Charles Schreiber slid a 13-page architectural contract across the table and probably said the name Del Webb once or twice.
Kaiser flipped through the 13 pages, frowned. He said, “No. No, no, no. This contract can’t be that long. Get it down to one page.” He dismissed the Schreibers to a side room with a girl from the typing pool. They frantically cut their contract while Kaiser continued running the planet from the big room. When they came back Kaiser frowned again, took them aside, and said, “No.”
The one page wasn’t to Kaiser’s liking either. “I don’t agree with the fee.” Charles thought, oh hellfire, I’ve come all the way out here for nothing… Kaiser crossed it out. “I want your complete attention to this project. I’ll double your fee. Don’t screw it up.”

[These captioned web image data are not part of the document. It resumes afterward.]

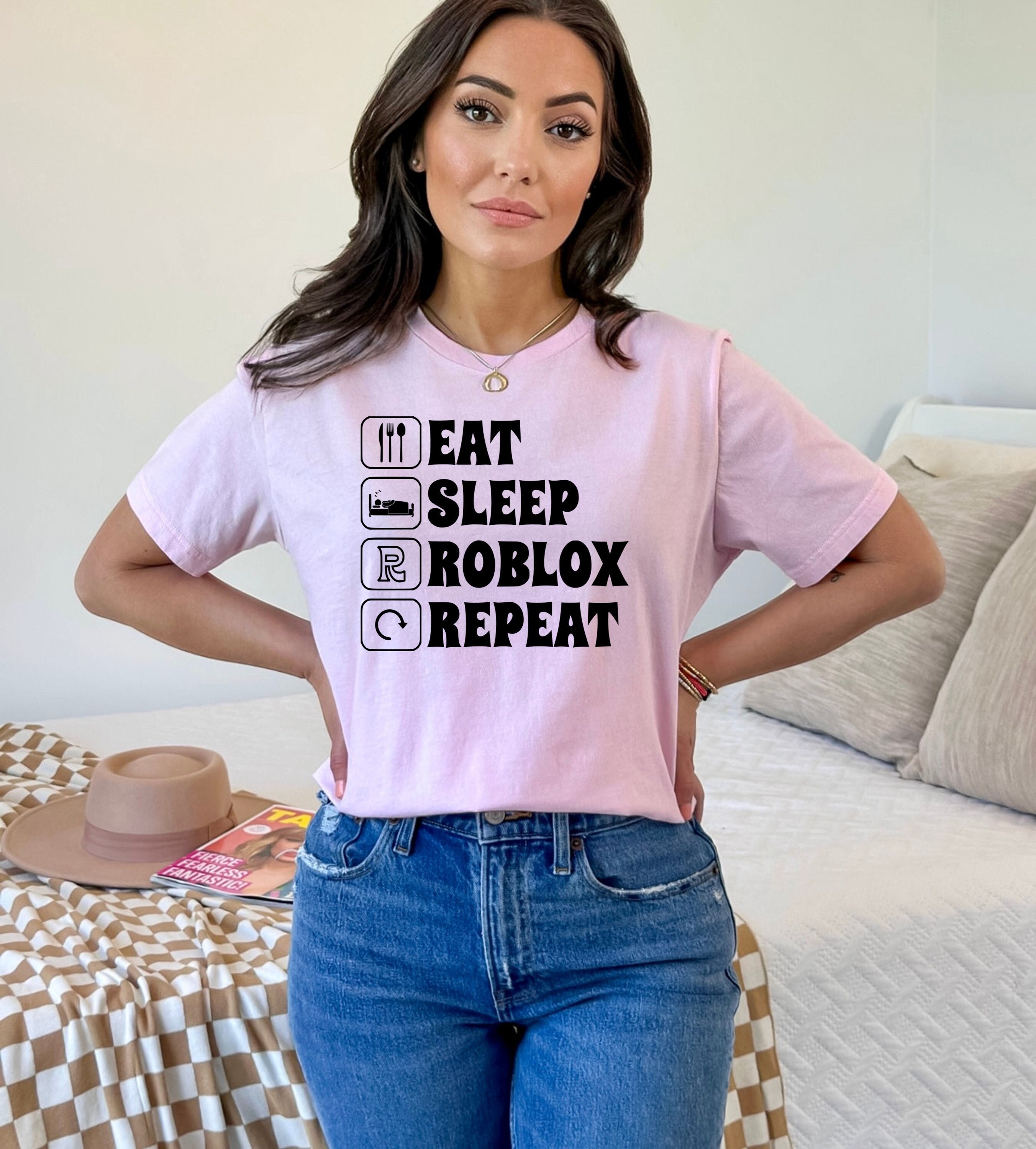 Eat, Sleep, Roblox Men's T-Shirt - Inktee Store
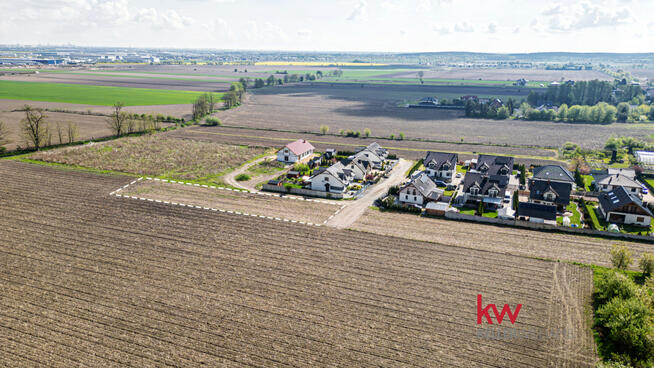 Działka inwestycyjna Chomęcice gm. Komorniki, Leśnych Skrzatów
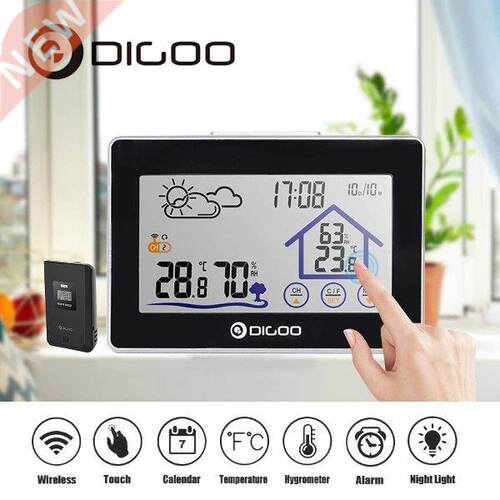 Digoo DG-TH880 Wireless Touch Weather Station Indoor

In a calmer moment it came out that, after years of careful maneuvering, Kaiser had wrestled away 6000 acres of land from the Bishop Estate. Land was extremely tight on Hawaii. The “Big Five” had a lock on the real estate market and they weren’t letting go. “I’m not smarter than you are,” Kaiser said, “I just know something you don’t.” Part of his master plan was the dredging of Kuapa Pond for a private marina, everybody knew that. But the simple, stunning sleight of hand was this: Kaiser was going to set up a temporary factory on site to process the dredged-up rock and stone and coral into block. Free materials, on site. No imports. No trans-Pacific shipping costs. That’s where Olson’s block-making expertise came in, and where the margin came from that made the project lucrative.
And that’s how Charles Schreiber spent two or three years under Kaiser’s wing, up before breakfast for extended tours up and down the jagged black volcanic slopes in a custom-welded elongated shocking pink jeep, driven by a silent black chauffeur, knocking out eight thousand houses everybody knows as Hawaii Kai.